My question is in regards to my aunt and uncle. More specifically, my question is about their son. You see, I’ll be attending his birthday this weekend (he will be one year old.) Before the little guy was born, my aunt and uncle asked me if I would be his godfather. My difficulty comes with being unsure of my aunt and uncle’s interpretation of the title. They both come from catholic backgrounds and while they wouldn’t be considered active in the church going crowd, they are very opinionated and firm in their beliefs. I’m not sure if they recognize me as an atheist or not, but I expect they don’t. To tell you the truth, I have my doubts that they would have requested this of me had they known I am an atheist. We live about five hours apart and see each other 5-6 times each year. We have many other interests in common and have always had a close and pleasant relationship. I love my godson and have taken the role willingly, looking forward to watching him grow, but I’m nervous about what feels like an impending conflict.
How will it be if/when they discover my atheism? Am I obligated to disclose this information?
Any feedback would be greatly appreciated. Your contribution to this community has been extremely helpful to me in the past.
The traditional Catholic role of godparent involves participating in important rituals such as baptism and confirmation, but the role is much broader than just playing a part in a ritual. The godparent is to oversee the religious upbringing of the child in partnership with the parents. Godparents are committed to put forth special effort for their whole lives to see to it that the child grows up as a devoted, observant Catholic. To do so, one of their basic qualifications is to be a devoted, observant Catholic themselves.
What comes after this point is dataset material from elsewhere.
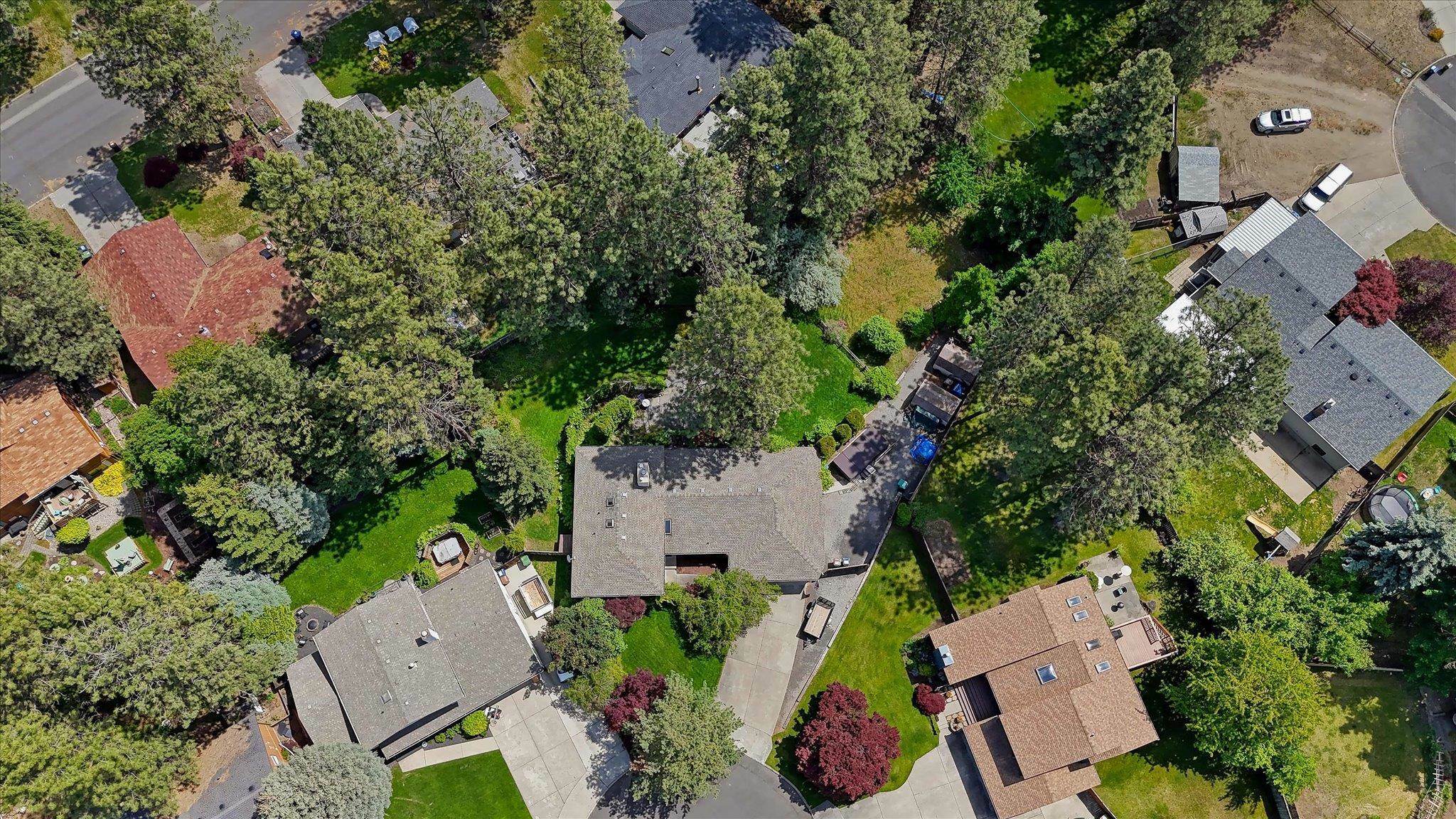 Property Photo: 8606 N Terry Ct WA 99208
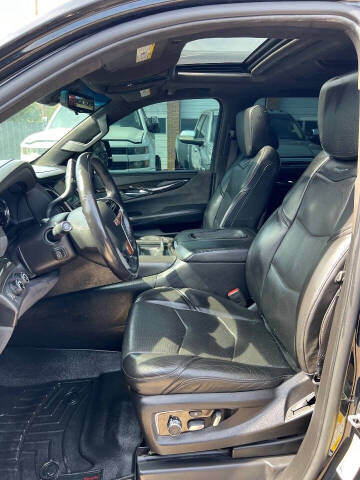 2018 Cadillac Escalade ESV Platinum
Nowadays, some parents who are only nominally religious think of a godparent as a kind of “backup parent” who will step forward to help with the child’s welfare, upbringing and guidance if the parents die before the child is able to take care of himself. In this interpretation, the religious obligations are minor to nonexistent.
But I don’t think that you should assume that your aunt and uncle see it that way. You need to talk with them directly to clarify what they expect and what you can deliver. Whether their concept of this is more religious or more secular, they are asking you to fulfill some kind of role of special trust. They probably picked you because they see in you a sensible and responsible person with integrity.
If you passively let them make assumptions about your beliefs, then when, not if, the truth comes out through a third party instead of yourself, they might feel deceived and resentful if they were counting on you having an acceptable level of religious belief. For your ongoing relationship with them and your young cousin, that would not be good.
First, tell them that you’ve been thinking about this, and ask them about what they expect of you as a godfather. Present your questions to them in the context of your love for the little guy, and your sincere desire to be a good influence and good example for him. You are honored by their trust, you take it seriously, and you want to be conscientious about what they expect.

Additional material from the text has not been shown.